Everything isn’t simply handed to players on a platter, though. Hunters will still have to down certain monsters numerous times while praying for a 3% drop rate to get the bits they need to make a spectacularly useful piece of armor. I had to hunt one monster about twenty times to get my hands on a Purple Magna Orb for a sweet pair of bracers, so it’s a good thing being out in the field hunting feels great.

The monsters themselves are a great mix of old favourites and fresh faces, and all have their own strengths, weaknesses and battlefield behaviors. During any given fight, these beasts will go into a fury status where they become more dangerous and hit harder, before eventually tiring out and tottering around the place at half their previous speed. Following this rhythm is important, so as not to get lasered by an enemy’s ultimate attack at inopportune moments. Players always have backup, though, with the possibility of either two AI helper pets while playing alone, or up to three human players online.

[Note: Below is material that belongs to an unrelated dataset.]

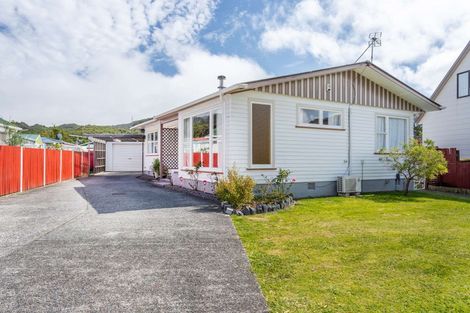 Photo of property in 51 Parkway, Wainuiomata, Lower Hutt, 5014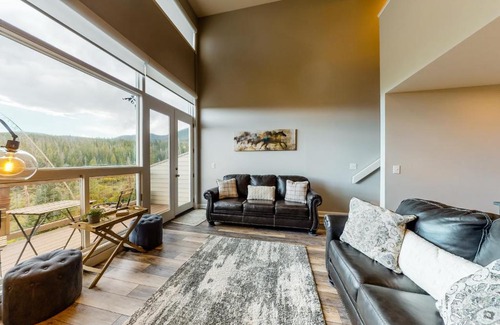 Wildernest Apartment | Watch Hill Lofted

So far, so good… until we get to the part of Rise that absolutely sucks, the Rampage quests.

Rampage quests are essentially a Tower Defense minigame where players are tasked with protecting the  gate leading into Kamura from a stream of rampaging monsters led by an Apex predator. Predetermined spots around the map allow for installations such as autocannons, traps or manual gun emplacements to be set up to defend from the onslaught, and occasionally super-powerful ‘hero’ units will become available to assist hunters with massive damage and support buffs for brief periods.

Sound interesting? Perhaps, but the implementation leaves much to be desired. They’re stressful in the worst possible way, with villagers constantly screaming about how everything’s going to hell as the hunter gets pingponged across the battlefield by a barrage of monsters, fireballs and screen-filling lightning blasts they’ve almost no chance of seeing coming. These sequences aren’t even that difficult once players figure out a worthwhile strategy, but they’re very, very irritating in solo play and downright boring in multiplayer.

Thankfully, only a few of these quests are required in order to progress through the story, though players aiming for the best endgame gear will have to suffer for their gains.

The other mild annoyance is that the online functionality isn’t very user-friendly, making it tough to join groups battling specific monsters without getting granular on specific quests. Most players trying to join a hunt won’t care about the quest so much as the monster holding the parts they need, so it’s just a bit more fiddly than it should be to get matched with an appropriate hunt. Oh, and there’s no crossplay either. Bleh.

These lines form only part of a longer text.